Meat, poultry and game

  • Do not try to freeze more than 1 kg meat per 25 L freezer capacity. Meat must be frozen quickly in order to maintain its texture.
  • Do not stuff poultry before freezing.
  • Red meat can be cooked from frozen, or from the partly or completely thawed states. Remember to allow extra cooking time if cooking from frozen.
  • Always thaw poultry completely before cooking.


  • Fish is best frozen commercially. If, however, you do want to freeze fish at home, make sure the fish is very fresh and of high quality.
  • Clean, scale and preferably leave whole. All fish should be wrapped in two layers of packaging as depending on the type of fish, odours and flavours can be readily transferred either to or from it. Seal well.
  • For best results, cook from either the frozen or partly thawed state.
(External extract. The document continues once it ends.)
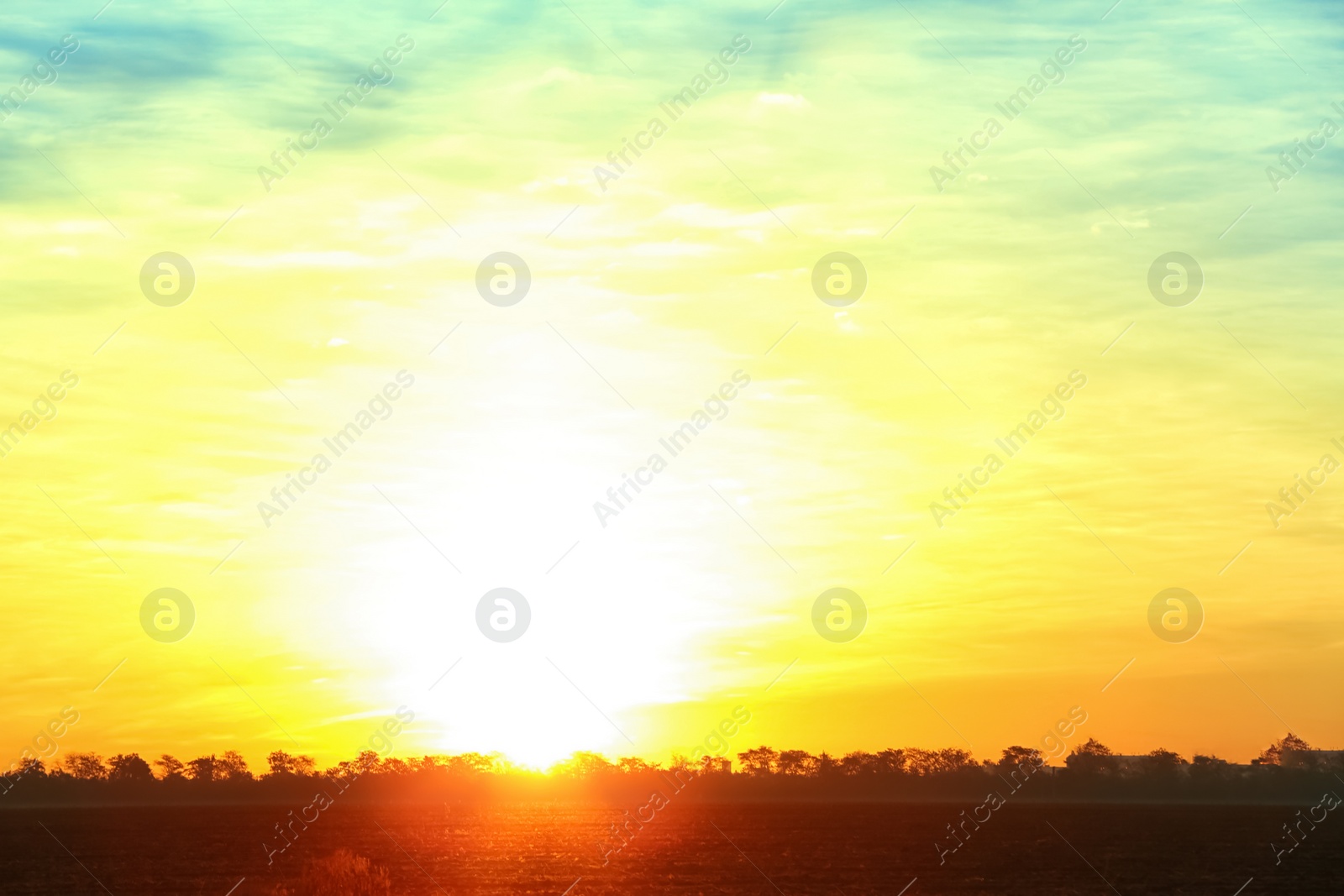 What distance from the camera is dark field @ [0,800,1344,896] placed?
34000 mm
  • Most vegetables freeze well, although ‘salad’ vegetables lose their crispness. Other vegetables, eg celery, onion and tomatoes, should only be used in cooked dished as they soften on freezing.
  • Freeze only high quality, mature, ready-to-eat vegetables.
  • Sort and discard any that are damaged.
  • It is necessary to blanch most raw vegetables prior to freezing.
  • Blanching involves a short cooking period during which vegetable enzymes are destroyed. If these enzymes are not destroyed they cause undesirable physical and chemical changes during freezer storage.
  • Vegetables can be blanched in boiling water, steam or in a microwave oven. If using boiling water, boil vegetables for 2 – 4 minutes and cool quickly.
  • In general frozen vegetables are best cooked from their frozen state.

Prepared and cooked foods

  • Most cooked foods can be frozen but it is not recommended to freeze the following: Cooked egg white, custards, cream fillings and milk puddings, gelatine or jelly-like dishes, mayonnaise and similar salad dressings, meringue toppings. These tend to separate on thawing.


  • Choose high quality, mature, and ready-to-eat fruit. Preferably select varieties recommended for freezing.
  • Avoid unripe and over-ripe fruit.
  • The way fruit is packed depends on how it is to be used. Fruits packed in syrup are ideal for desserts, whereas fruits packed without sugar are better used for cooking. Most fruits can be stored for 8 – 12 months.